In 1993, Mr. Y injured his back resulting in total disability. At that time, he weighed 280 pounds. His back condition prevented him from engaging in routine physical activity and lead to depression, causing him to gain weight. By 1998, his back condition had progressed to the point that he was wheel chair bound, and he had difficulty transferring himself to a motorized wheel chair. By 2002, he had become bed-bound and he weighed 500 pounds. He developed sleep apnea due to this weight gain with resulting cardiac problems, which resulted in his death in 2002.
Mr. Z twisted his ankle on several occasions in the 1980’s and was treated with ice and rest. In 1999, he was suffering increasing instability in the ankle with laxity in the ligaments. He was also found to have chronic pain swelling and instability of the right knee following a work related injury. He underwent corrective surgery, but continued to have ligament instability in the ankle.
In 2000, he had arthritis and leg edema. By September of 2000, he had developed cellulitis in his leg with resultant sores. He had become totally disabled and his ability to walk was severely limited. Despite diet restriction, he gained weight and was suffering from leg edema due to vascular insufficiency. In 2007, he began treating for sleep apnea.
By 2012, he had developed post injury arthritis in the knee, chronic lymphedema and chronic venous insufficiency as a result of his leg injuries. He had also developed occupational lung disease. He died in 2015 as a result of his orthopedic injuries and resulting surgeries, weight gain flowing from his limitation caused by his work injures and resulting sleep apnea, cardiac insufficiency and occupational lung disease.

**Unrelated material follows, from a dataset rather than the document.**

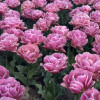 Beach Berry - Tulips Thumbnail #2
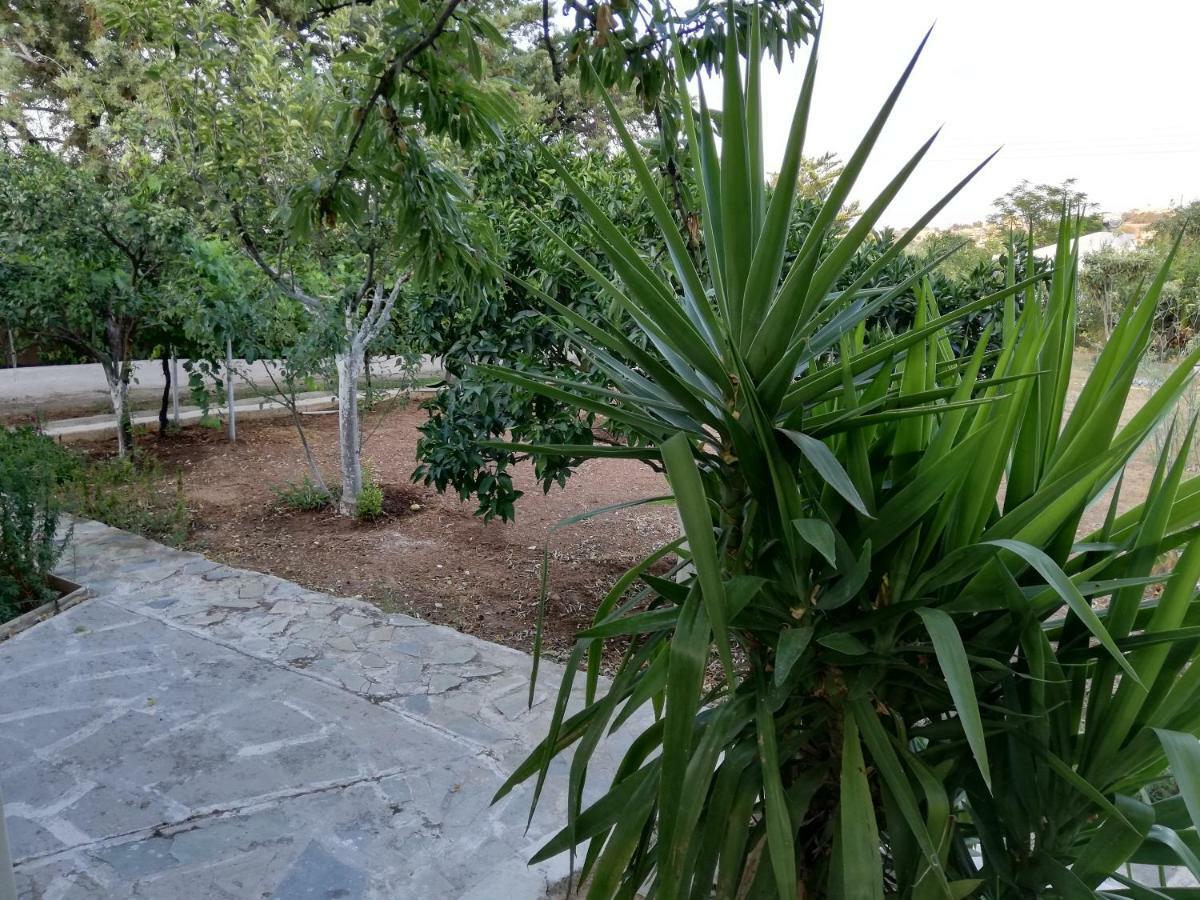 Dreamhome -10Min From Airport- Artemida  Ngoại thất bức ảnh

The effects of injuries are often measured by the size of the measuring stick rather than by the ticking of the clock. Doctors, lawyers and Judges, whose professional careers are limited, have a short event horizon, and even shorter measuring stick. We too often assume that things that do not kill quickly are harmless and that the effects of injuries cease after the acute phase of healing is over.
These failures often have a deleterious effect on the course of public health and our evaluation of the real costs of occupational injuries.
From little acorns, mighty oaks of disability do grow.